Wo wir hingekommen sind mit Arbeitseifer und Disziplin ist klar – Deutschland gehört zu einem der reichsten Länder der Welt und die Wirtschaft boomt wie selten zuvor. Das ist gut, aber es hat auch Schattenseiten. Viele Menschen wissen vor Arbeitsbelastung nicht mehr ein noch aus, Erschöpfung und Burnout greifen wie eine Epidemie nach vielen Seelen. Zufriedenheit und Gelassenheit sind innere Haltungen, die nach Zusammenbrüchen erst wieder schwer gelernt werden müssen. Hinzu kommen negative Gefühle wie Gier, Eifersucht oder Neid, wie es auch im letzteren Falle im besagten Gleichnis heißt: "Oder bist du neidisch, weil ich zu anderen gütig bin?"
Wir müssen wieder lernen, unsere Lebensenergie richtig einzuteilen und die "Kreativität der Langsamkeit" zu lernen. Wer gewann in der alten Fabel das Wettrennen, der Hase oder der Igel? Der Igel war klüger, denn er platzierte seine ihm zum Verwechseln ähnlich aussehende Frau in der Nähe des Ziels. Es geht nicht darum, dass wir hart arbeiten. Es geht darum, dass wir klug und intelligent arbeiten. Darin liegt nicht nur die Zukunft unserer Volkswirtschaft, darin liegt das ganzheitliche Wohl jedes Einzelnen.
Nicht immer hart zu sich sein, sondern lernen, gütig zu sich zu werden, das könnte eine Lehre des heutigen Gleichnisses sein. Gütig zu sich und anderen sein, so wie Gott gütig ist in der Bewertung von Leistung und Tun. Das bringt nicht nur persönlichen Gewinn, es bringt auch neuen Wohlstand, der in Zukunft neben der Leistung mehr in Glück und Zufriedenheit gemessen werden wird als in Geld und Konsum.
Michael Ende brachte das in seinem berühmten Buch "Momo" in geniale Worte. Der Straßenkehrer Beppo kennt die Erfahrung aller Menschen: Wenn du nur die ganze Straße siehst, wenn du dich eilst, deine Arbeit zu erledigen, dann wachsen Angst, es nie zu schaffen und Erschöpfung. Er sagt dann zu Momo und zu uns: "So darf man es nicht machen. Man darf nie an die ganze Straße auf einmal denken, verstehst du? Man muss immer nur an den nächsten Schritt denken, an den nächsten Atemzug, an den nächsten Besenstrich. Dann macht es Freude; das ist wichtig, dann macht man seine Sache gut."
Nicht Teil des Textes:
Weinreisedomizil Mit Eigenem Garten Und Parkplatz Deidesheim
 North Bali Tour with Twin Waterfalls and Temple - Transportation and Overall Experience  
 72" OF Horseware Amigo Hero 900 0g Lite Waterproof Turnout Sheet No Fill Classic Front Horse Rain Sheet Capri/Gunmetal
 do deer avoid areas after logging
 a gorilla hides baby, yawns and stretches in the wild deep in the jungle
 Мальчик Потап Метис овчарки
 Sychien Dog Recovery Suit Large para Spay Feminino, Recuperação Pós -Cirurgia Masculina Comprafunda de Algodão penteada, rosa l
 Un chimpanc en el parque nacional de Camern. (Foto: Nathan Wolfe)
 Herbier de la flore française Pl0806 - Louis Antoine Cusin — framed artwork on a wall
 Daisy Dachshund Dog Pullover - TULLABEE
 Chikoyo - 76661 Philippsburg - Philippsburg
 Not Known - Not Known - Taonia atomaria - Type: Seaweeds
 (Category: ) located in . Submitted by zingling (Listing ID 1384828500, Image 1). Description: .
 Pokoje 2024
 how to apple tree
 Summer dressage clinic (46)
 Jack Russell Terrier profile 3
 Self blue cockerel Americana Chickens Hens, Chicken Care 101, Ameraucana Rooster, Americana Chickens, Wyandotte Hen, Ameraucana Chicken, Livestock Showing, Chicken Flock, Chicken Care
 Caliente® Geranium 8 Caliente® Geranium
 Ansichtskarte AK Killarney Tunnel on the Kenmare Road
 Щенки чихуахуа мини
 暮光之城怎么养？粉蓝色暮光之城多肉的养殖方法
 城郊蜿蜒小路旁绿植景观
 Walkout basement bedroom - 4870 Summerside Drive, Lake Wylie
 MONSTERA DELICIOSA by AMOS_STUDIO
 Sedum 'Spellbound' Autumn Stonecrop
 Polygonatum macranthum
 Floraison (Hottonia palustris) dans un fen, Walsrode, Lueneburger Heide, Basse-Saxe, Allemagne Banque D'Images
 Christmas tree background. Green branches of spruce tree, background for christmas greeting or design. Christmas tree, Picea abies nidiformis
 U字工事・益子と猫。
Das Evangelium nach Matthäus (Mt 20, 1-16a)
In jener Zeit erzählte Jesus seinen Jüngern das folgende Gleichnis: Mit dem Himmelreich ist es wie mit einem Gutsbesitzer, der früh am Morgen sein Haus verließ, um Arbeiter für seinen Weinberg anzuwerben.
Er einigte sich mit den Arbeitern auf einen Denar für den Tag und schickte sie in seinen Weinberg. Um die dritte Stunde ging er wieder auf den Markt und sah andere dastehen, die keine Arbeit hatten. Er sagte zu ihnen: geht auch ihr in meinen Weinberg! Ich werde euch geben, was recht ist. Und sie gingen. Um die sechste Stunde und um die neunte Stunde ging der Gutsherr wieder auf den Markt und machte es ebenso.
Als er um die elfte Stunde noch einmal hinging, traf er wieder einige, dir dort herumstanden. Er sagte zu ihnen: Was steht ihr hier den ganzen Tag untätig herum? Sie antworteten: Niemand hat uns angeworben. Da sagte er zu ihnen: Geht auch ihr in meinen Weinberg!
Als es nun Abend geworden war, sagte der Besitzer des Weinbergs zu seinem Verwalter: Ruf die Arbeiter und zahl ihnen den Lohn aus, angefangen von den letzten, bis hin zu den ersten.
Da kamen die Männer, die er um die elfte Stunde angeworben hatte, und jeder erhielt einen Denar. Als dann die ersten an der Reihe waren, glaubten sie, mehr zu bekommen. Aber auch sie erhielten nur einen Denar. Da begannen sie, über den Gutsherrn zu murren, und sagten: Diese letzten haben nur eine Stunde gearbeitet, und du hast sie uns gleichgestellt; wir aber haben den ganzen Tag über die Last der Arbeit und die Hitze ertragen.
Da erwiderte er einem von ihnen: Mein Freund, dir geschieht kein Unrecht. Hast du nicht einen Denar mit mir vereinbart? Nimm dein Geld und geh! Ich will dem letzten ebenso viel geben wie dir. Darf ich mit dem, was mir gehört, nicht tun, was ich will? Oder bist du neidisch, weil ich zu anderen gütig bin? So werden die Letzten die Ersten sein.